** Records for processing **
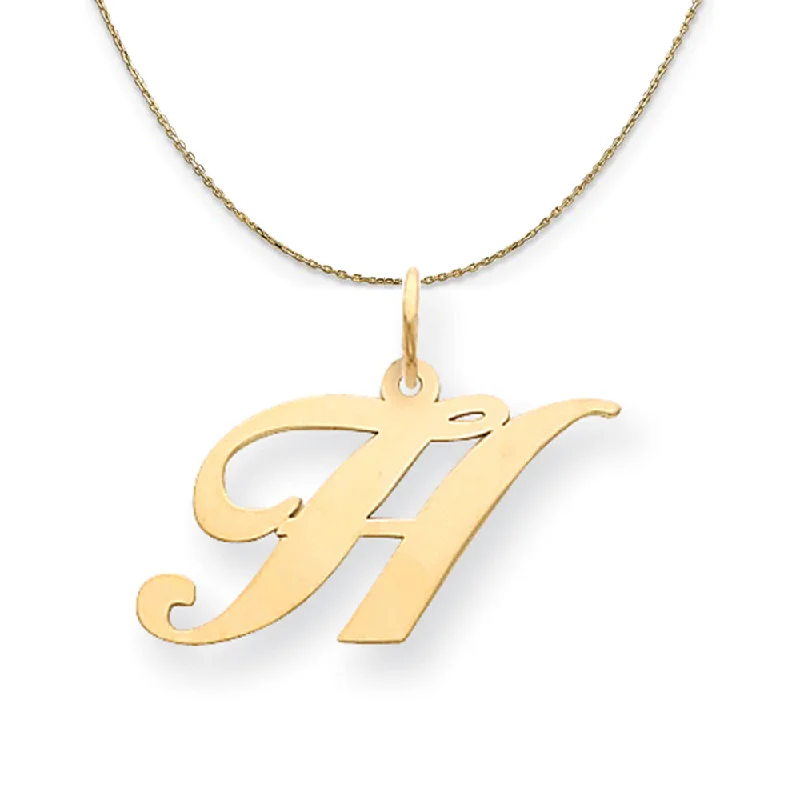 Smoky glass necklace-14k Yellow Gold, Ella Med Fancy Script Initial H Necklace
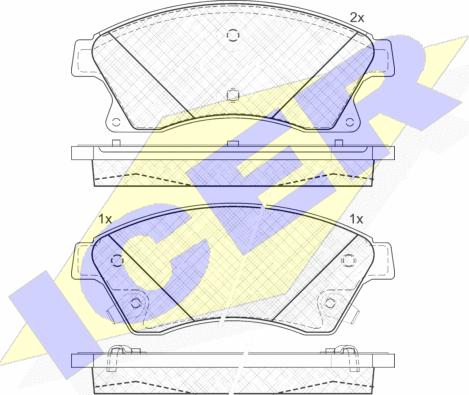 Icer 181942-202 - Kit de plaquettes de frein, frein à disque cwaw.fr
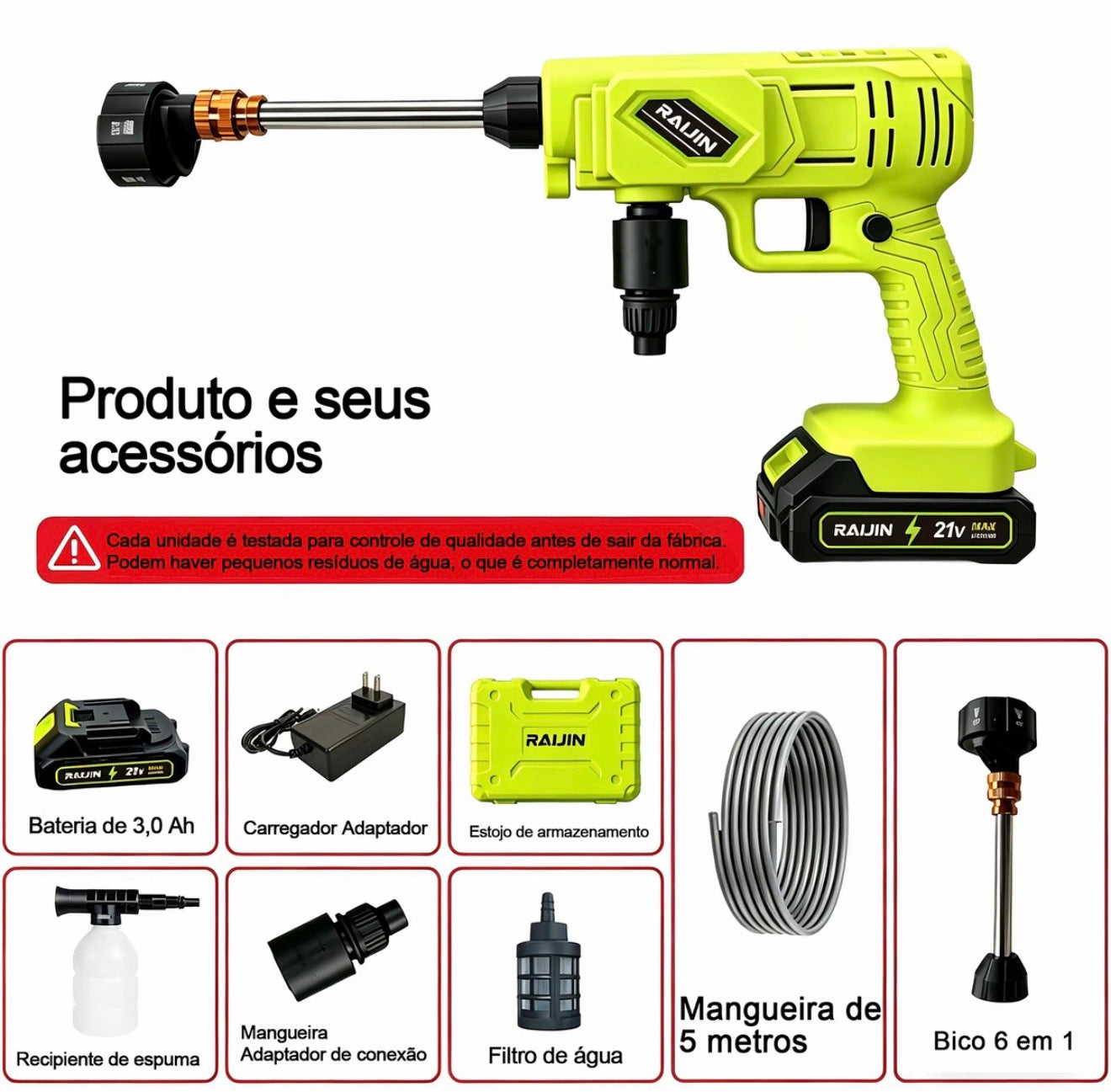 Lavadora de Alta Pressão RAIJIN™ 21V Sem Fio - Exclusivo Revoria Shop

* * *

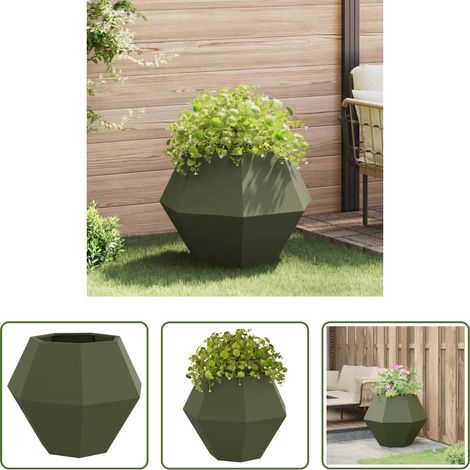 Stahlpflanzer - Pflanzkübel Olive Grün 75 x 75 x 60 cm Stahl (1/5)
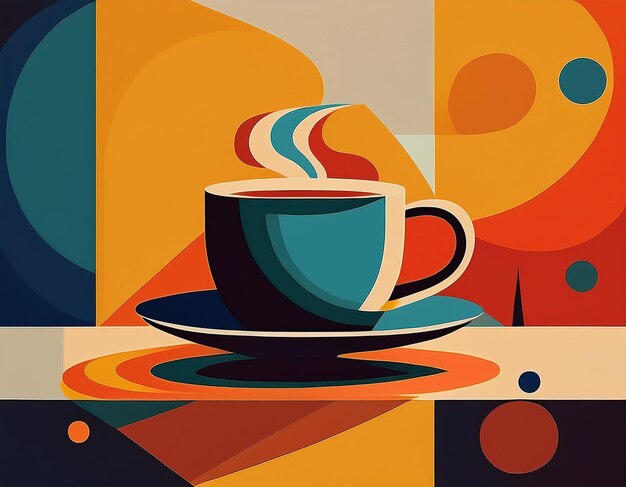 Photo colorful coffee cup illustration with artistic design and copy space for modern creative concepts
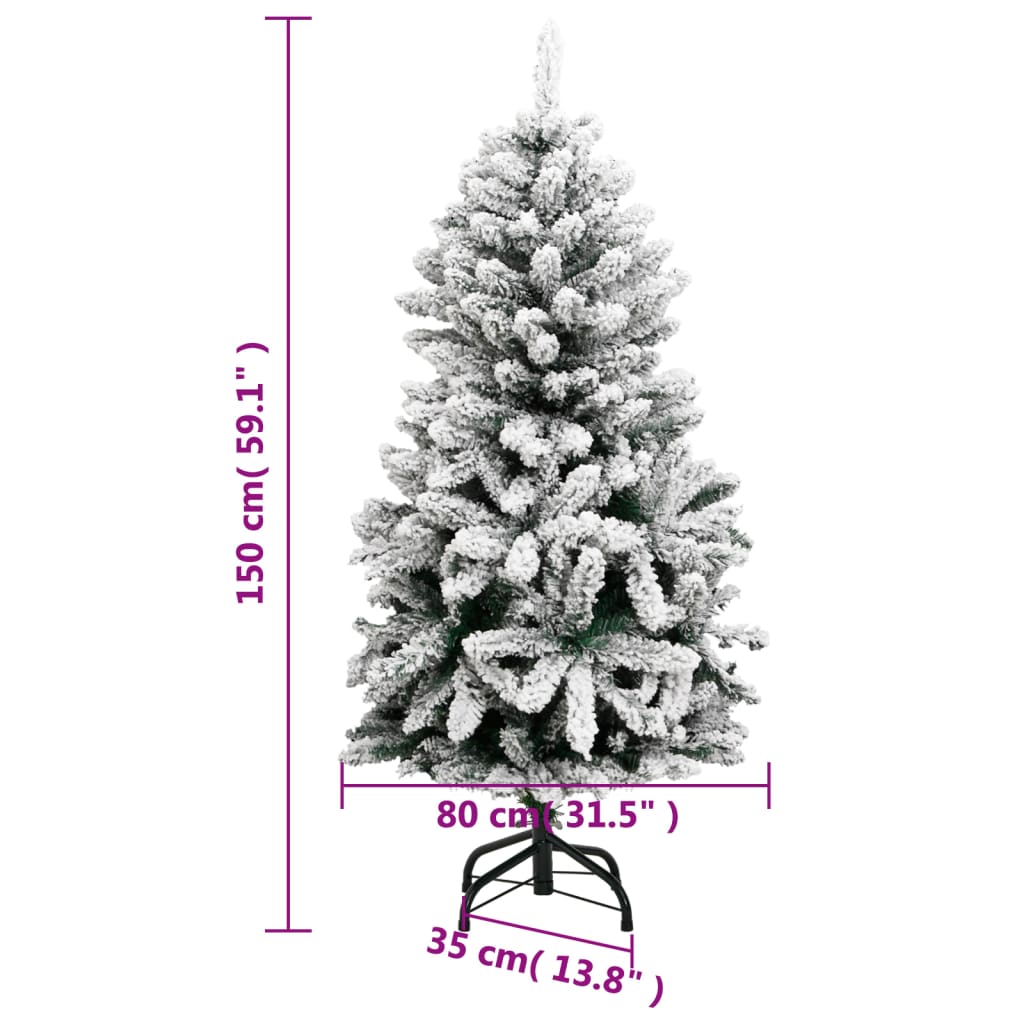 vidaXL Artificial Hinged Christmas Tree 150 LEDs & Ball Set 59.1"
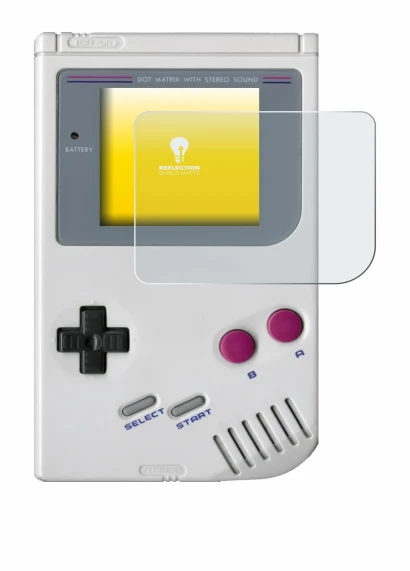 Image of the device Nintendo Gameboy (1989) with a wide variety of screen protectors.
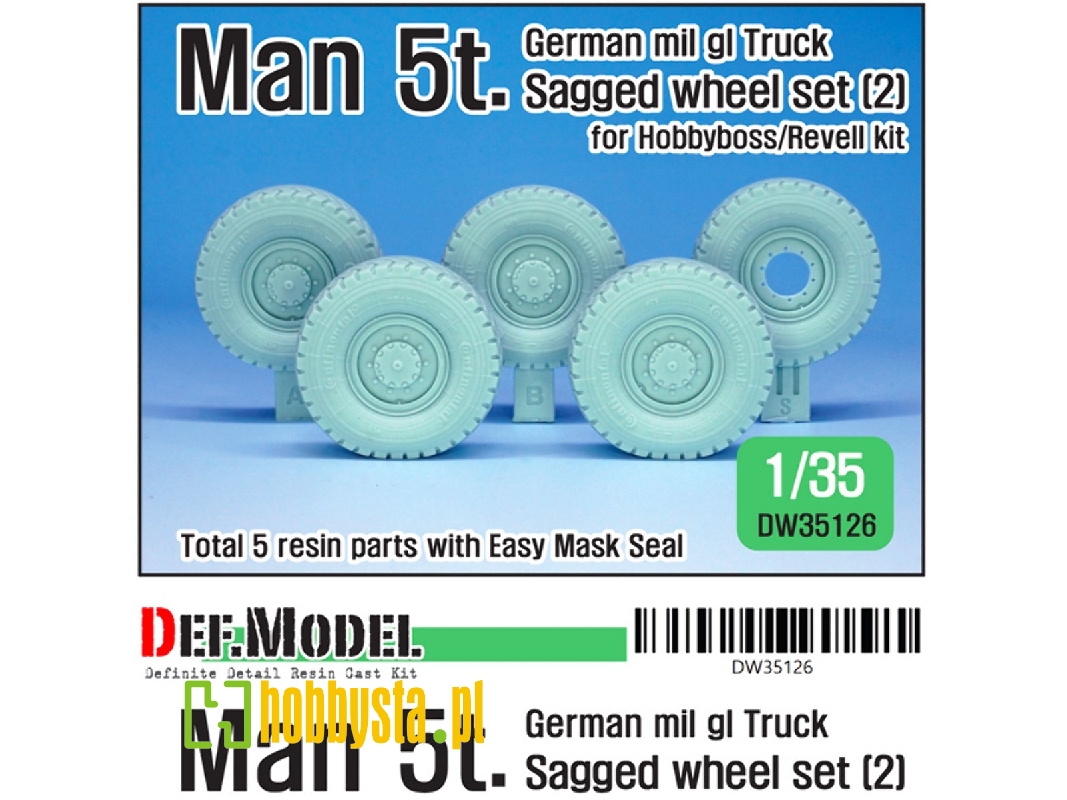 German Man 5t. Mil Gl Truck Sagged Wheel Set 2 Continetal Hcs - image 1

==

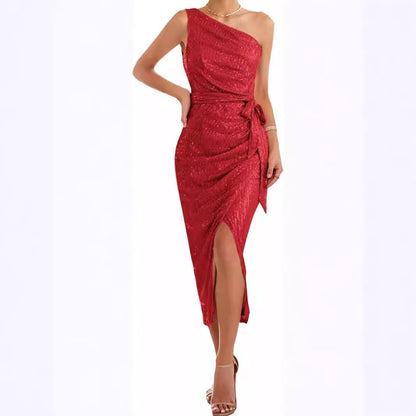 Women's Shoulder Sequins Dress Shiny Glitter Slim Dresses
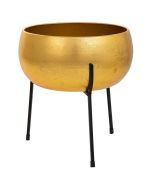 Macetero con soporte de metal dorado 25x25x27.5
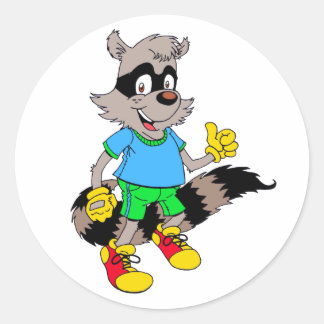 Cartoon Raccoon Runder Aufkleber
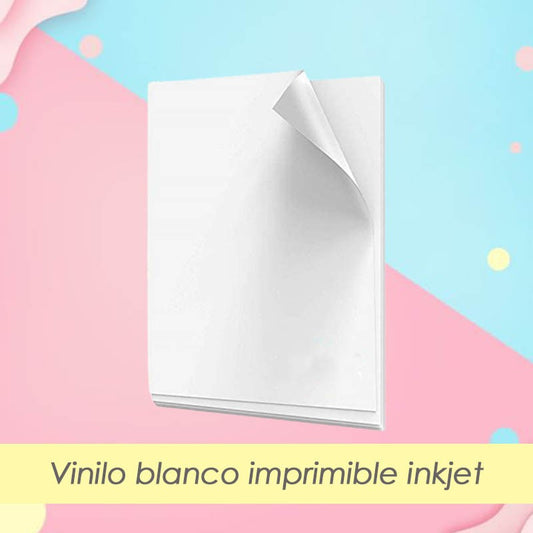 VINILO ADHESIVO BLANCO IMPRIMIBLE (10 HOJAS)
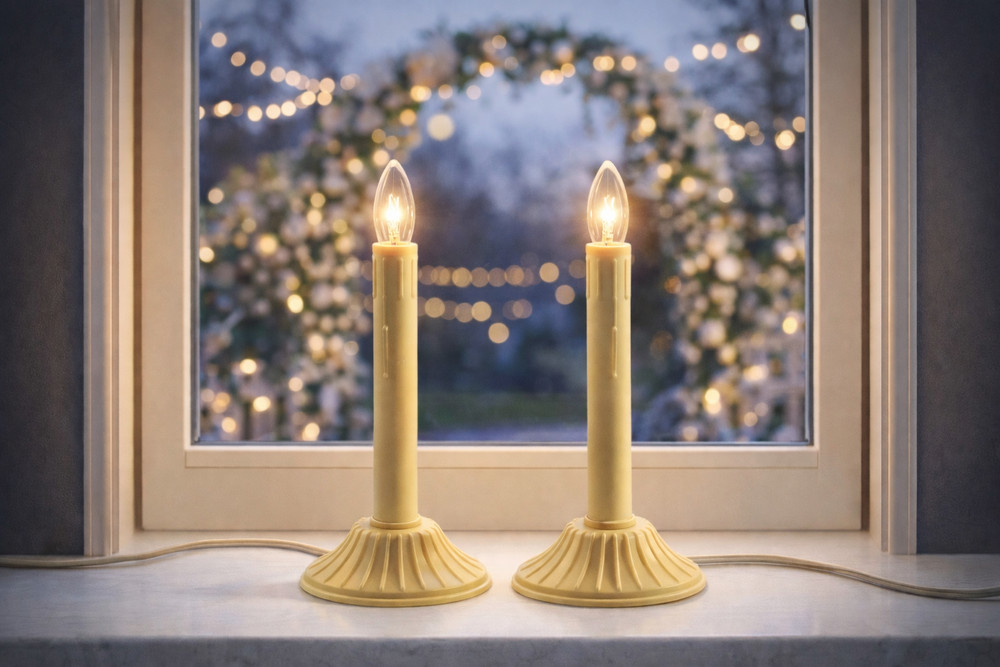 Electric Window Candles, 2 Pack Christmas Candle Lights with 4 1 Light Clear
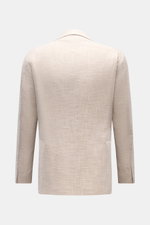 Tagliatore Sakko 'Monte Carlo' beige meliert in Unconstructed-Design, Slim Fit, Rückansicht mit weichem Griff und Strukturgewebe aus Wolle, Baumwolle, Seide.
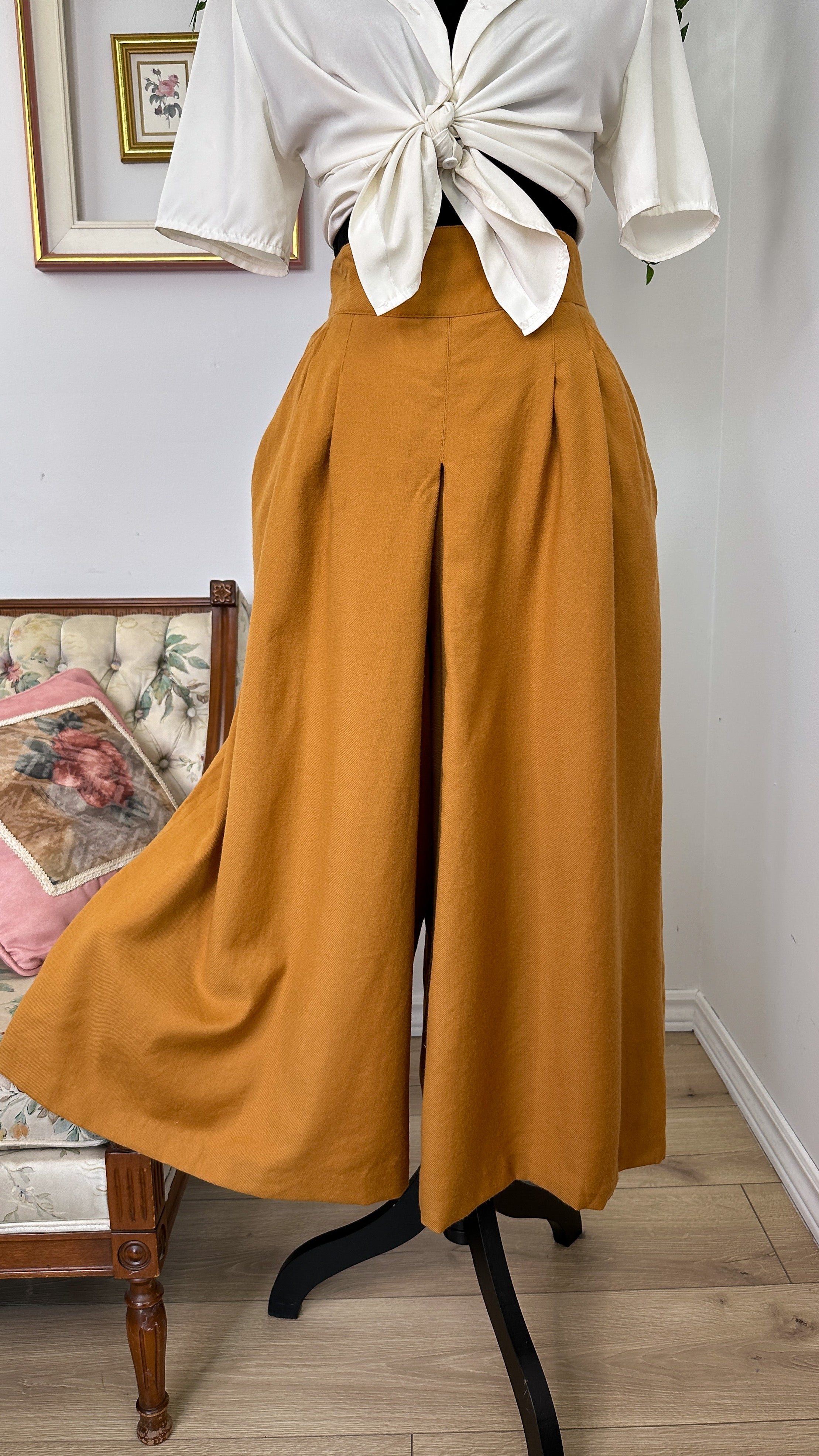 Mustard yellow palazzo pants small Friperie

** Exercise requirements **
Starting from the line with "Women's Shoulder Sequins" in the records above, repeat each line exactly until you have written the line with "Electric Window Candles, 2", then stop; drop the pictures.

** Task result **
 Women's Shoulder Sequins Dress Shiny Glitter Slim Dresses
 Macetero con soporte de metal dorado 25x25x27.5
 Cartoon Raccoon Runder Aufkleber
 VINILO ADHESIVO BLANCO IMPRIMIBLE (10 HOJAS)
 Electric Window Candles, 2 Pack Christmas Candle Lights with 4 1 Light Clear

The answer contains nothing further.